Web page caption snippets:
----
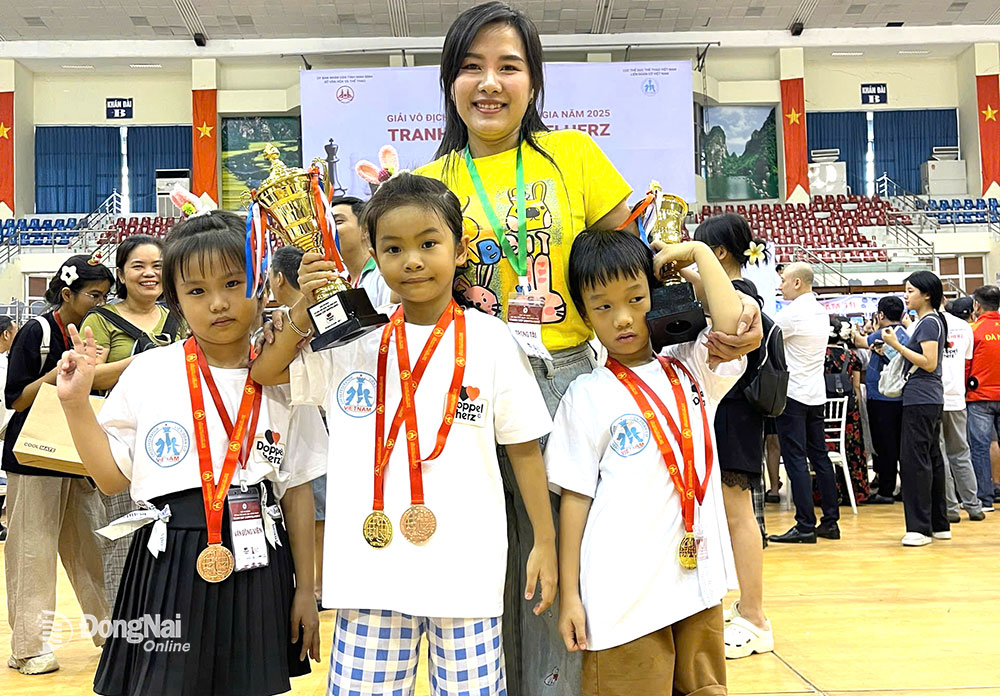 Huấn luyện viên Nguyễn Thùy Dương cùng với 3 kỳ thủ nhí Đồng Nai (từ trái qua là Nguyễn Phạm Bích Ngọc, Nguyễn Phạm Lam Thư và Lê Minh Quang) đạt huy chương nội dung cờ chớp. Ảnh: NVCC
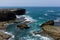 Rocky lagoon on a background of blue skyline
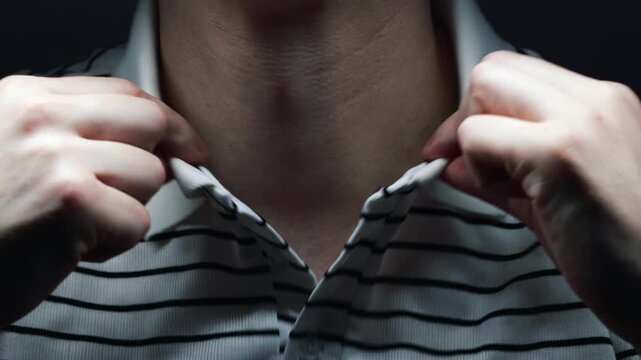 The collar of a guy's white striped shirt.
A person adjusts the collar.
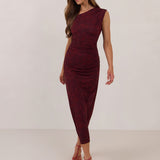 Woman wearing a burgundy floral dress standing against a white background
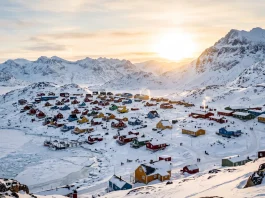 A conceptual landscape of a remote Arctic town with colorful buildings and snowy mountains.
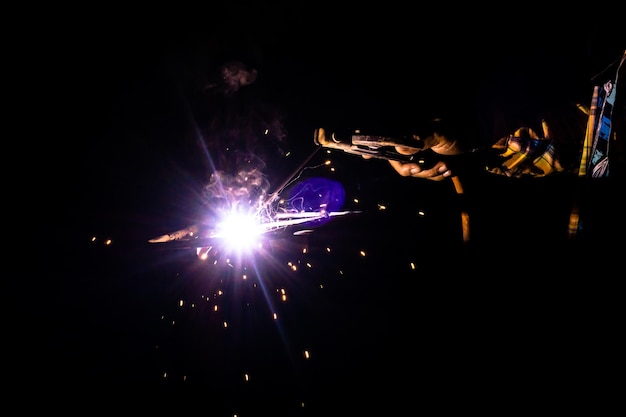 Photo cropped welder welding metal in factory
----
WHAT IS EXPECTED – Your answer must be an exact copy of the records, without the pictures.

ANSWER SECTION –
 Huấn luyện viên Nguyễn Thùy Dương cùng với 3 kỳ thủ nhí Đồng Nai (từ trái qua là Nguyễn Phạm Bích Ngọc, Nguyễn Phạm Lam Thư và Lê Minh Quang) đạt huy chương nội dung cờ chớp. Ảnh: NVCC
 Rocky lagoon on a background of blue skyline
 The collar of a guy's white striped shirt.
A person adjusts the collar.
 Woman wearing a burgundy floral dress standing against a white background
 A conceptual landscape of a remote Arctic town with colorful buildings and snowy mountains.
 Photo cropped welder welding metal in factory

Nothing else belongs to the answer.